(YOUR TASK): Output every record exactly, apart from its images.

(DATASET RECORDS)

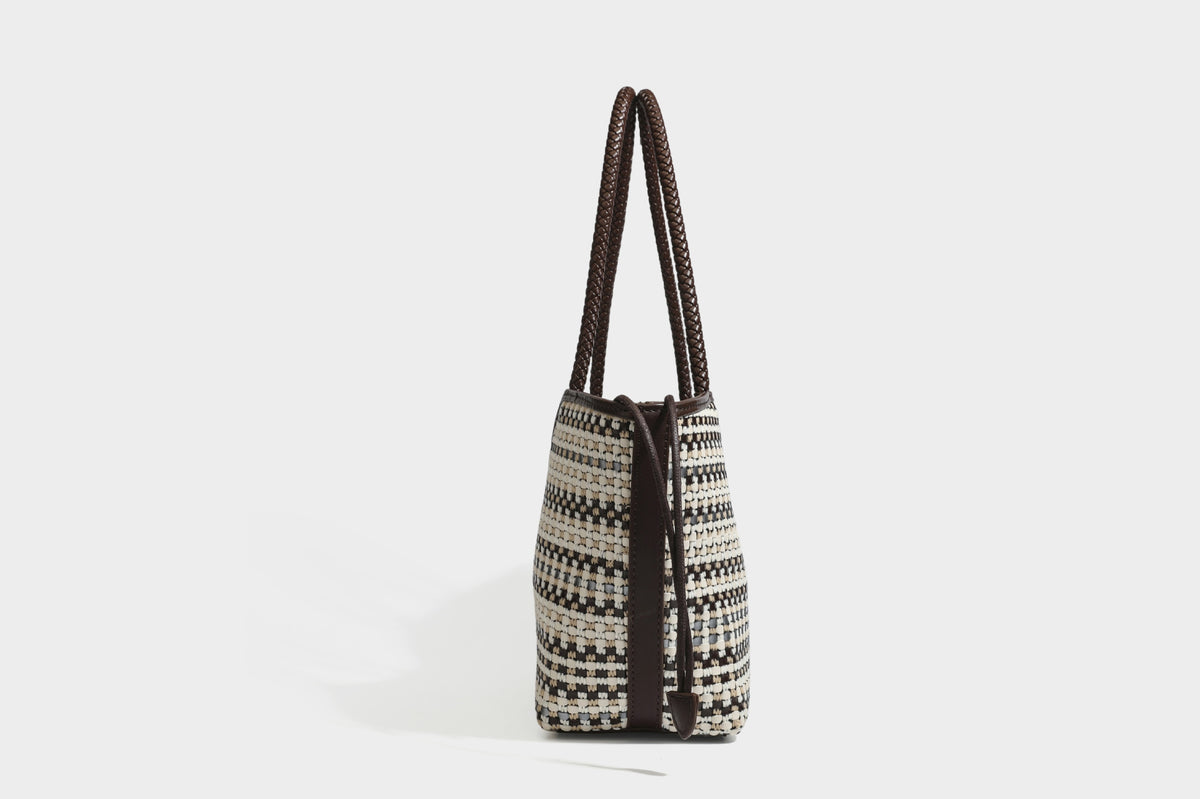 Large woven checker-pattern tote bag with dark braided shoulder straps, leather-look trim, and drawstring side ties, detail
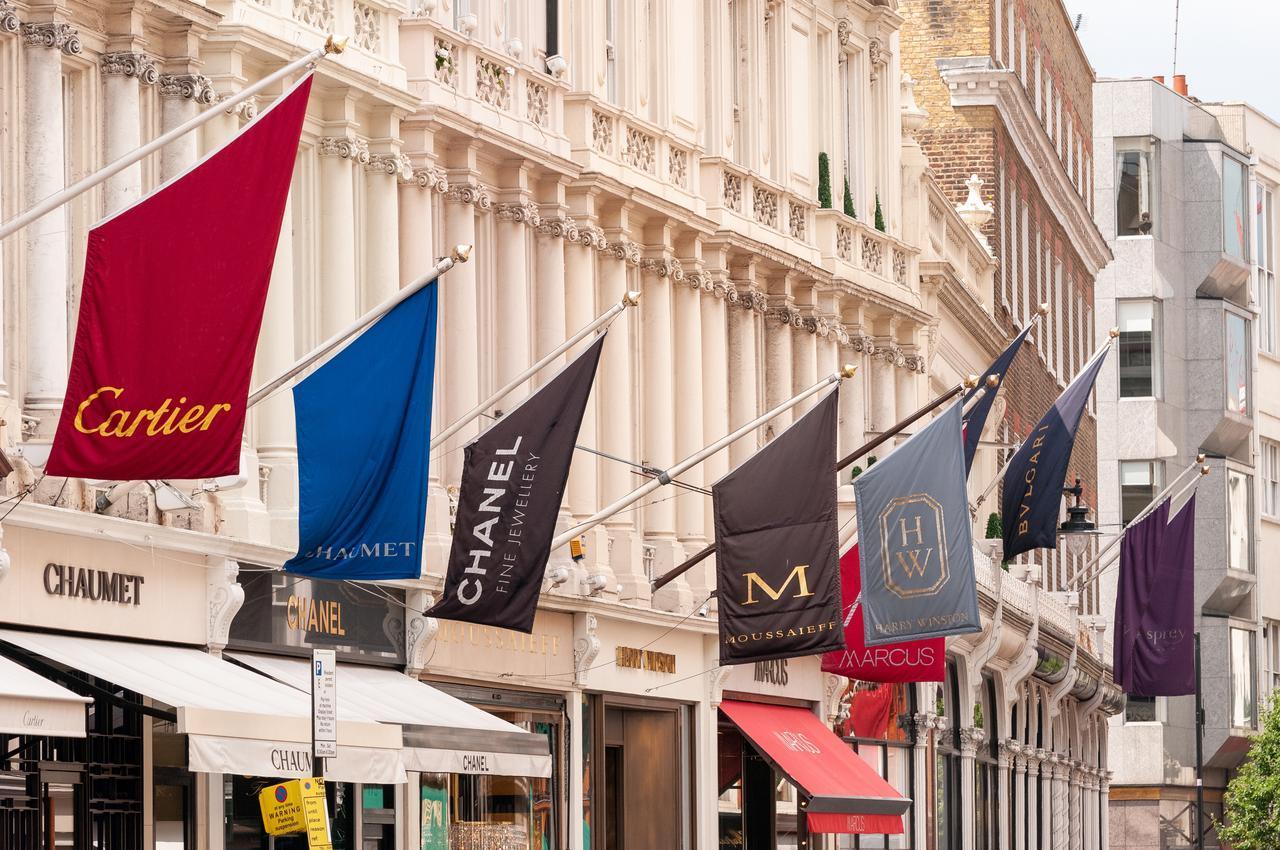 Luxury storefronts line New Bond Street in central London, United Kingdom, on June 7, 2008. (Adobe Stock Photo)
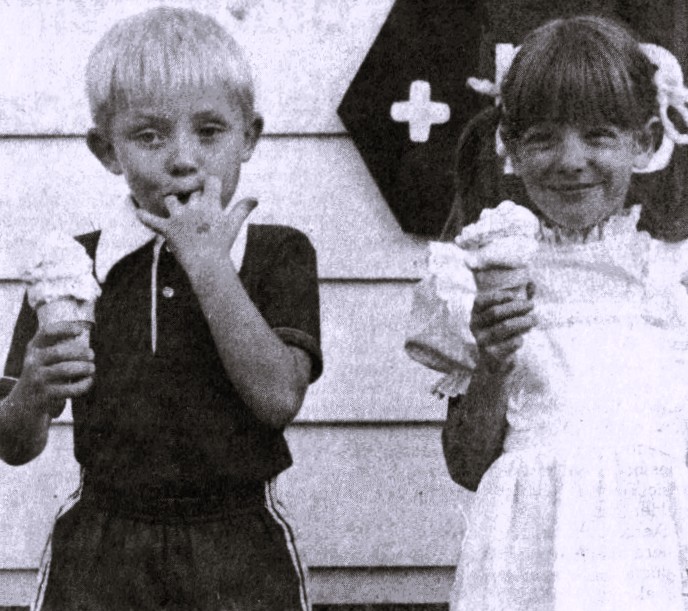 Two children eat ice cream cones.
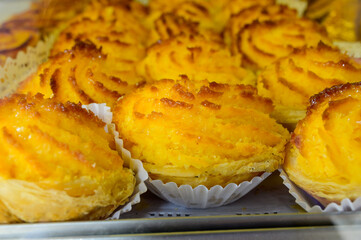 Baked sweet desserts cakes on display in balery in Lisbon, Portugal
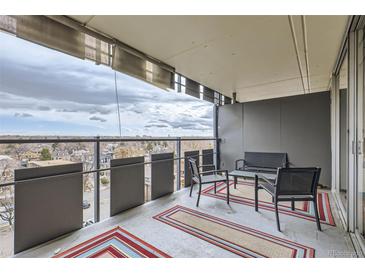 Inviting outdoor balcony featuring a table and chairs, perfect for relaxing and enjoying the views at 790 N Washington St # 804, Denver, CO 80203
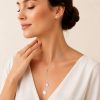 Juego cadena ajustable y arete doble circulo plateado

(End DATASET RECORDS)

(RESULT):
 Large woven checker-pattern tote bag with dark braided shoulder straps, leather-look trim, and drawstring side ties, detail
 Luxury storefronts line New Bond Street in central London, United Kingdom, on June 7, 2008. (Adobe Stock Photo)
 Two children eat ice cream cones.
 Baked sweet desserts cakes on display in balery in Lisbon, Portugal
 Inviting outdoor balcony featuring a table and chairs, perfect for relaxing and enjoying the views at 790 N Washington St # 804, Denver, CO 80203
 Juego cadena ajustable y arete doble circulo plateado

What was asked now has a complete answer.